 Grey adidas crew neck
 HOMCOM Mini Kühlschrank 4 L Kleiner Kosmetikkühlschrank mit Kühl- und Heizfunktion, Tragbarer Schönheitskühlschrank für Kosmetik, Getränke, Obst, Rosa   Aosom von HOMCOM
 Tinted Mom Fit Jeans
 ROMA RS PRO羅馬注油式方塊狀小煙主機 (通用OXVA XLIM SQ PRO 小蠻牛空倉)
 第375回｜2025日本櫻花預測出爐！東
──────────
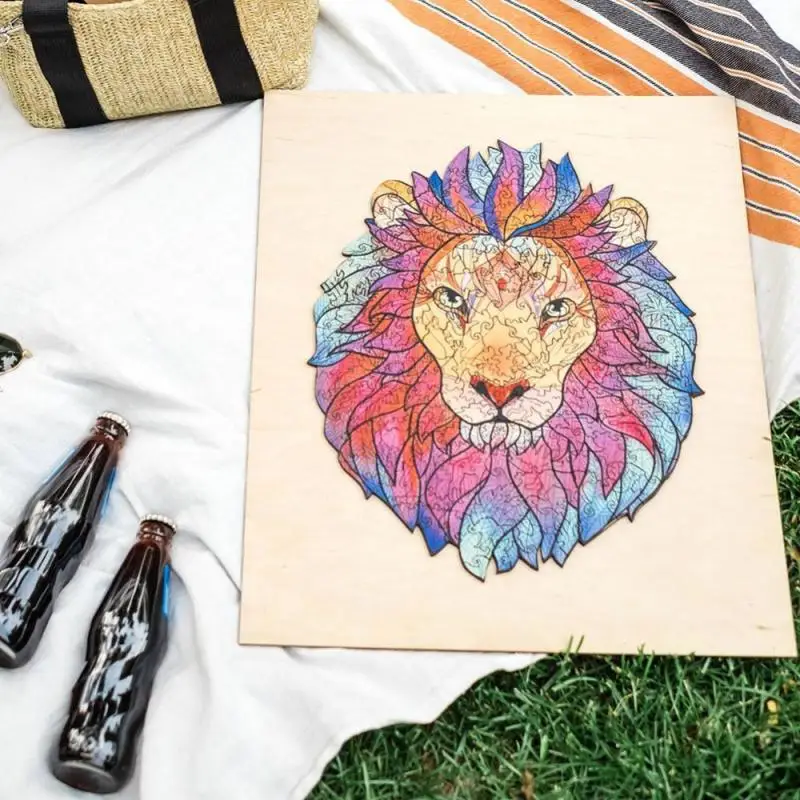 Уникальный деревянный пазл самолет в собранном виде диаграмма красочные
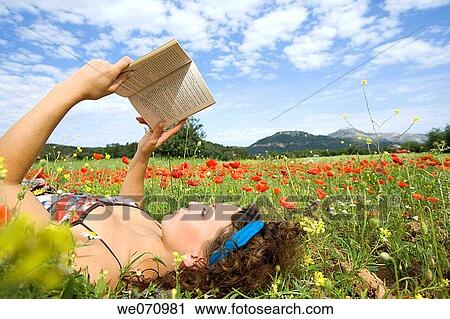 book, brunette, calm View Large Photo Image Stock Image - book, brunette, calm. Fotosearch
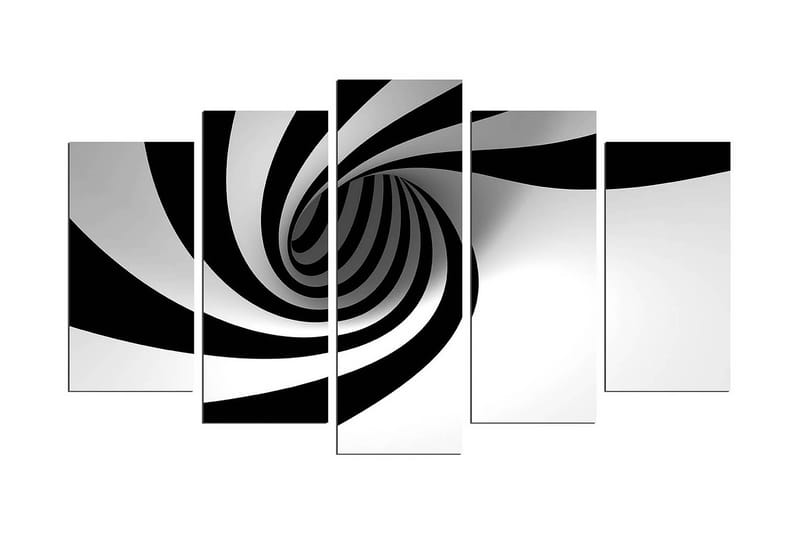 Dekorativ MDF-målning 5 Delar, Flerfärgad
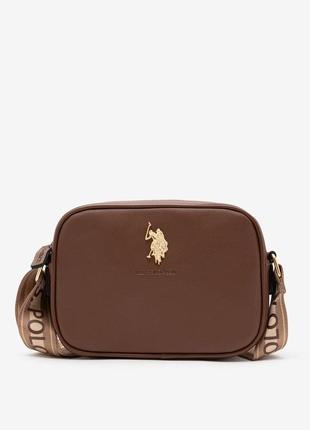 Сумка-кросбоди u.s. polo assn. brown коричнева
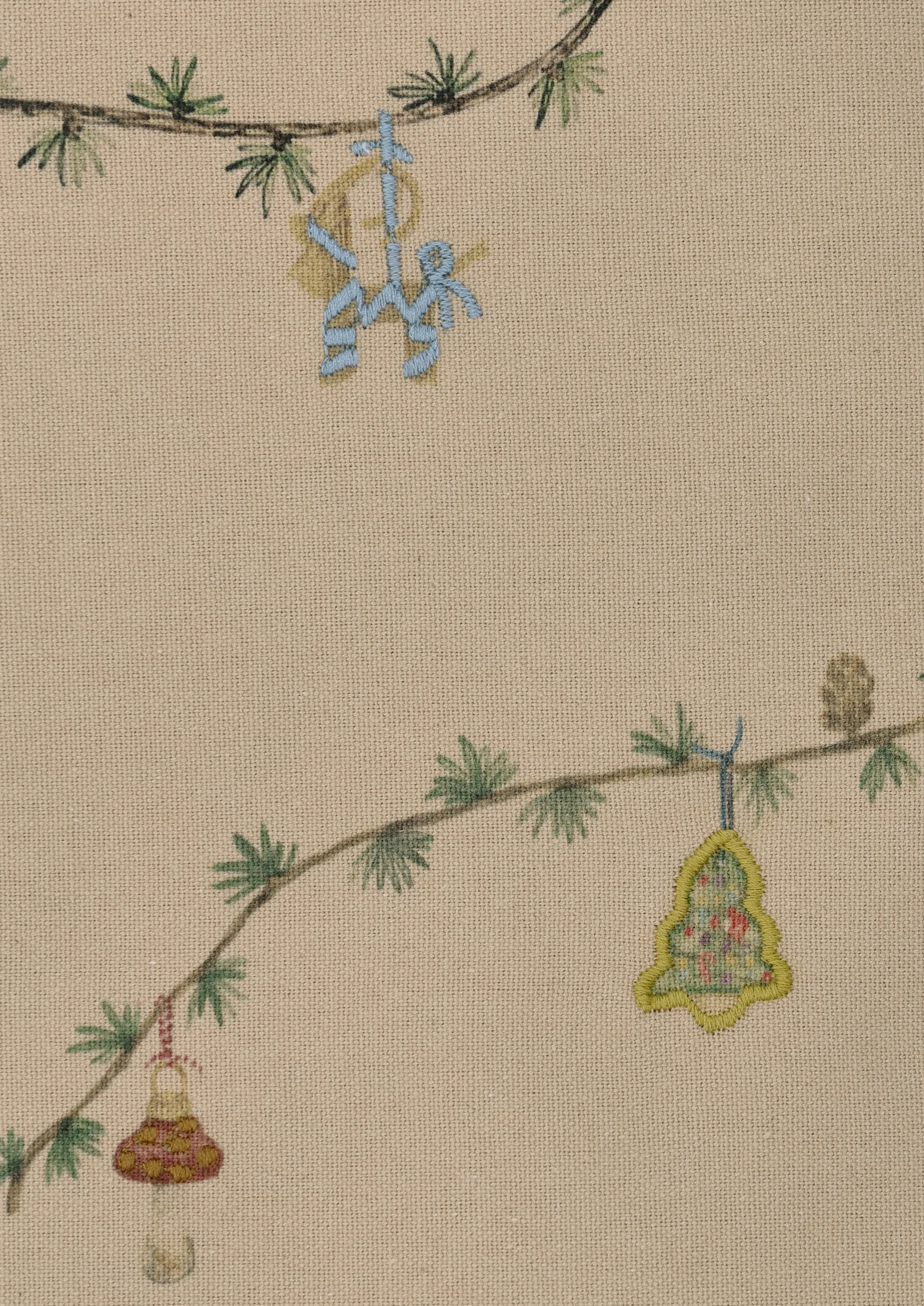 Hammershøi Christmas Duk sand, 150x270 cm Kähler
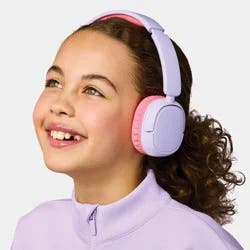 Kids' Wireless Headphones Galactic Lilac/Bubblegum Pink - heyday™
──────────
* _WHAT IS BEING ASKED_
Reproduce the lines above beginning at the line that contains "Hammershøi Christmas Duk" and ending at the line that contains "Kids' Wireless Headphones". No pictures.

* _SOLUTION FOR THIS PROBLEM_
 Hammershøi Christmas Duk sand, 150x270 cm Kähler
 Kids' Wireless Headphones Galactic Lilac/Bubblegum Pink - heyday™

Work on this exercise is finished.